BACKGROUND OF THE INVENTION
1. Field of the Invention
This invention relates to a multi-piece solid golf ball having a structure of at least four layers which is improved in flying performance, hitting feel, controllability and durability.
2. Prior Art
Golf balls of the thread wound balata structure have been long favored by many professional golfers and skilled golfers. The wound golf balls are superior in feeling and controllability which are essential factors for skilled golfers. Because of their structure that is receptive to more spin, however, the wound golf balls are less controllable in flying distance under certain conditions. For example, when the ball is hit against the wind, it tends to fly sharply high, failing to travel a satisfactory carry. When the ball is hit into fair winds, it will travel a more distance than intended.

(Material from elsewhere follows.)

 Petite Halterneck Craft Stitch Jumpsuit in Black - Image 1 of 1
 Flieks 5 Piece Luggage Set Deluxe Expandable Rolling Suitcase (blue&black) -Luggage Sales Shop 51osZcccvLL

- SUMMARY OF THE INVENTION
Recently, modern two-piece solid golf balls designed for adequate spin are considered acceptable by some skilled golfers. The absolute difference from the wound golf balls still resides in spin receptivity since the two-piece solid golf balls are characterized by a lower spin rate. As compared with the wound golf balls, the two-piece solid golf balls are superior with respect to the carry and improved in straight flight due to a low spin rate, but upon long iron shots requiring controllability, they tend to fly too much, indicating a loss of control. With respect to feel, the two-piece solid golf balls are approaching to the wound golf balls wish room for improvement being still left.
Therefore, a primary object of the present invention is to provide a multi-piece solid golf ball which will travel a satisfactory carry as inherent to solid golf balls when shot with a driver, receives more spin when shot with an iron, and has controllability closer to the wound balata golf ball.
BRIEF DESCRIPTION OF THE DRAWINGS
The present invention provides a multi-piece solid golf ball having a structure of at least four layers, comprising a core having a structure consisting of at least two layers and a cover enclosing the core and consisting of inner and outer cover layers. The outer cover layer has a hardness of 40 to 60 degrees on Shore D. The inner cover layer has a hardness of up to 53 degrees on Shore D and lower than that of the outer cover layer.
FIG. 1 schematically illustrates a club striking a ball.
DETAILED DESCRIPTION OF THE INVENTION
FIG. 2 is a schematic cross section of one exemplary multi-piece solid golf ball according to the invention.
It is now considered how the golf ball spins when hit by a club. The factors that determine spin include the loft of a club, the relation of an impact point to the center of gravity, and the head speed of the club. Since the latter two factors are correlated to the club configuration and the player's ability, it is now assumed that these factors are fixed. Only the club loft is now considered. A model diagram of a golf ball and a golf club upon impact is shown in FIG. 1. A golf ball 1 is hit by a golf club 2 having a static loft φ and a dynamic impact loft θ. F is a component of force perpendicular to the club face and N is a component of force parallel to the club face. The perpendicular component of force F and the parallel component of force N with respect to the club face have the relation: F/N=tan θ. Since the impact loft θ decreases as the club loft φ increases, the value of (F/N)D associated with the use of a driver having a certain club loft is greater than the value of (F/N) associated with the use of a club having a larger club loft, typically (FIN)SW associated with the use of a sand wedge, that is, (FIN)D>(F/N)SW.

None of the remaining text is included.